- **Exercise prompt**: Exact copy, no pictures: output each line below as it stands.

- **Data provided**:
-- Opening Marker --
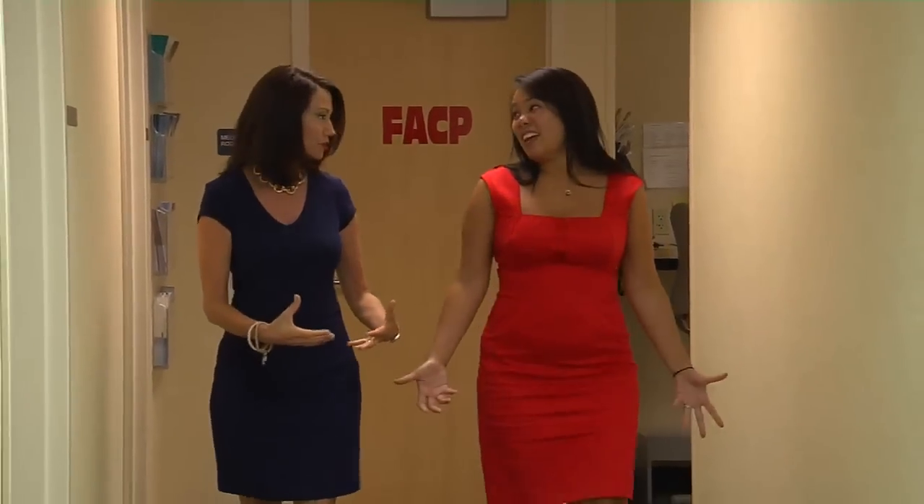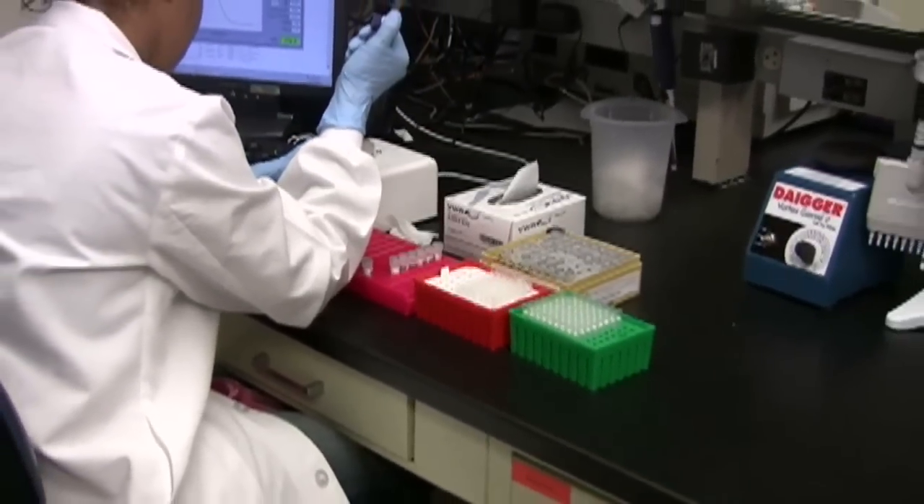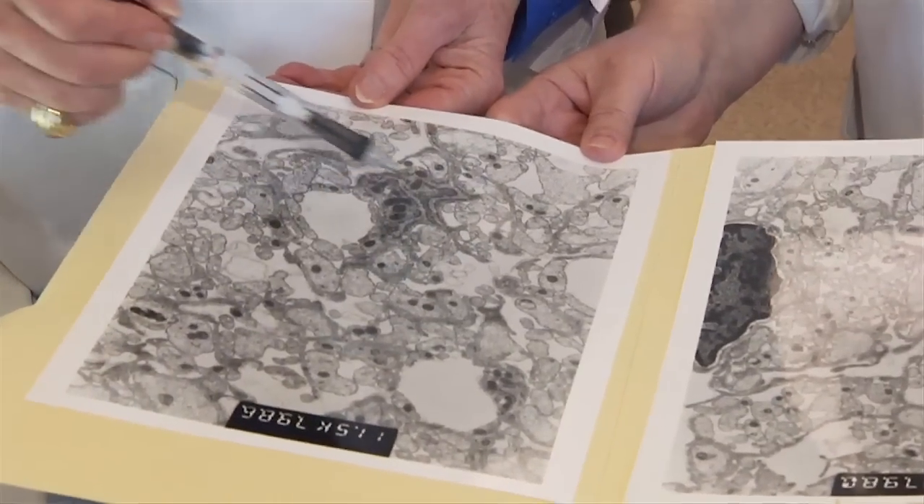Now some doctors and moms are opting for a newer blood test called Maternity21, that can be given earlier in pregnancy without the stomach stick. It's actually just a blood draw from the mom. Anytime after 10 weeks of gestation, what it's looking for is cell-free DNA of fetal origin in the maternal circulation, and that's how we can draw it from the maternal blood and send it for evaluation.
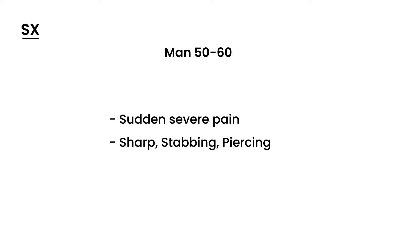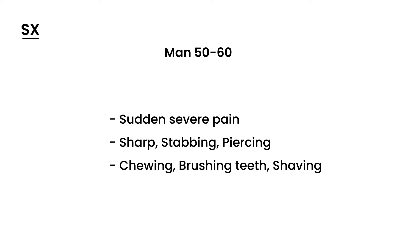The pain happens, for example, when they're chewing, when they're brushing their teeth, or sometimes when they're shaving. This pain is often described on one side of the face, in the area consistent with the region innervated by the fifth cranial nerve — a very classic type of presentation.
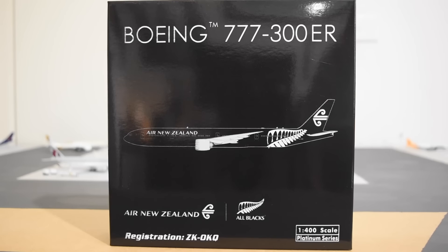Their hubs are Auckland Airport, Wellington International Airport, and Christchurch International Airport. Their focus cities are Los Angeles International Airport and Sydney Airport. Their airport lounge is called the Air New Zealand Lounge. Their fleet size is 104, including Air New Zealand Link. Their destinations are 51, including Air New Zealand Link.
-- Closing Marker --
- **Answer space**:
Now some doctors and moms are opting for a newer blood test called Maternity21, that can be given earlier in pregnancy without the stomach stick. It's actually just a blood draw from the mom. Anytime after 10 weeks of gestation, what it's looking for is cell-free DNA of fetal origin in the maternal circulation, and that's how we can draw it from the maternal blood and send it for evaluation.
The pain happens, for example, when they're chewing, when they're brushing their teeth, or sometimes when they're shaving. This pain is often described on one side of the face, in the area consistent with the region innervated by the fifth cranial nerve — a very classic type of presentation.
Their hubs are Auckland Airport, Wellington International Airport, and Christchurch International Airport. Their focus cities are Los Angeles International Airport and Sydney Airport. Their airport lounge is called the Air New Zealand Lounge. Their fleet size is 104, including Air New Zealand Link. Their destinations are 51, including Air New Zealand Link.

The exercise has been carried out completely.